We know a story has a beginning, middle, and end. Your climatic scene must echo that same story rhythm. First, you ramp up. Your character preps themselves for the fight ahead, whether it’s in a courtroom or an empty warehouse. They may even play their favorite fight song on Sirius as they’re rolling across the bridge to the villain’s location. Game face on. Attitude: You’re going down sucker!
There are plenty of stories where the villain is your next-door neighbor, your trusted babysitter, or even your main character’s spouse. Either way, there comes this moment when your character goes from sounding insane to their friends, to saying enough is enough. I’m not going to be a victim anymore. Your main character must psyche themselves up for this moment. The external and internal goals are merging into their new self.
If it’s not a close encounter of the villain kind, then taking the fight to the villain means the character is committed, regardless of the outcome…and let’s face it, we don’t typically kill off our main character. We do not cheat the reader that way. Remember, they’re emotionally invested in your character maybe getting their ass kicked, but in the end, we want them to win.
Also, if things are going to explode, get covered in blood, or any other equally disgusting fluid, then it’s best to mess with the villain’s space and keep their own home clean. Or is that just me? Perhaps I’ve scrubbed too many muddy paw prints from my freshly mopped kitchen floor, or said things like, “I just cleaned that.”
The location should be worthy of the showdown. Freddie Kruger doesn’t have a three-story Victorian with a white picket fence. When Harry Potter and Ron Weasley run into the forest (with that horrific spider scene that I fast forward through), it’s dark, foggy, and mysterious. They’re not sure where they’re going. It’s not a bright sunny, summer day because then Harry and Ron could see where they were going, and it wouldn’t be scary. The setting sets the mood. It amps up the fear. When Clarice Starling follows notorious Buffalo Bill/Jame Gumb into his cavernous basement, he pursues her with night-vision goggles. You can hear each breath. Every echo. Even the villain’s fatal mistake of cocking his gun. The setting is what sells that scene.

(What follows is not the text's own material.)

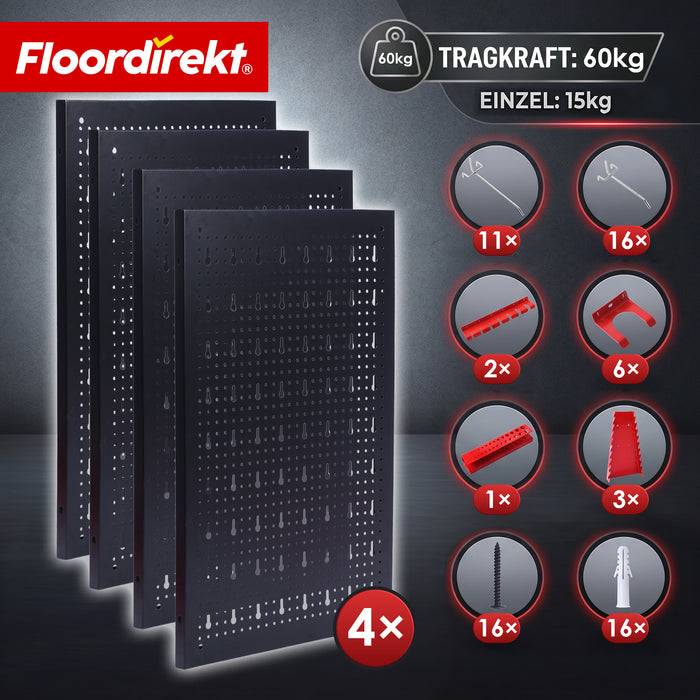 FLOORDIREKT Werkzeughalter Parker - Lochwand-Set für Werkstatt & Garage - Schwarz/Rot - 4 Platten-2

Description of your villain’s lair can be done through your main character’s senses. Eyesight adjusting to low light. The flashlight beam capturing a myopic stream that settles on antique dolls. Dripping faucets. Pungent smell of mold and mildew. Creaking stairs. Doors shutting in the distance. A chainsaw firing up. A whisper slicing through silence. Bumping into things they can’t see. Tripping over a dead body. Blood soaking through their jeans. The taste of rust on their tongue. Your character’s reaction and mood will also paint a clear picture to the reader. If it’s hot out, sweat drips and stings their eyes. If it’s cold, frost cakes their lashes. When adrenaline kicks in, your peripheral vision narrows. Make sure your character’s breaths match the action. If the surroundings make the fight scene that more challenging, like lava, fire, flood waters, etc., then make sure you keep that in check as you engage in battle.
How your character approaches the lair is important. Do they shuffle their feet, gingerly taking each step? Do they stop and listen before engaging further, or do they go in, guns a-blazin’ and damn the consequences? Your character’s motivation will drive their approach.
The villain appears center stage. The hero/heroine squares off. Cue showdown music. Tumbleweeds skitter across arid dirt. This is where you’re going to leverage everything your character has learned about the villain. They have gumption, determination, and pure dumb luck on their side…and maybe the police are on their way. Until the cavalry arrives, your character is set on not letting the villain slip through their fingers. Your character is the last line of defense.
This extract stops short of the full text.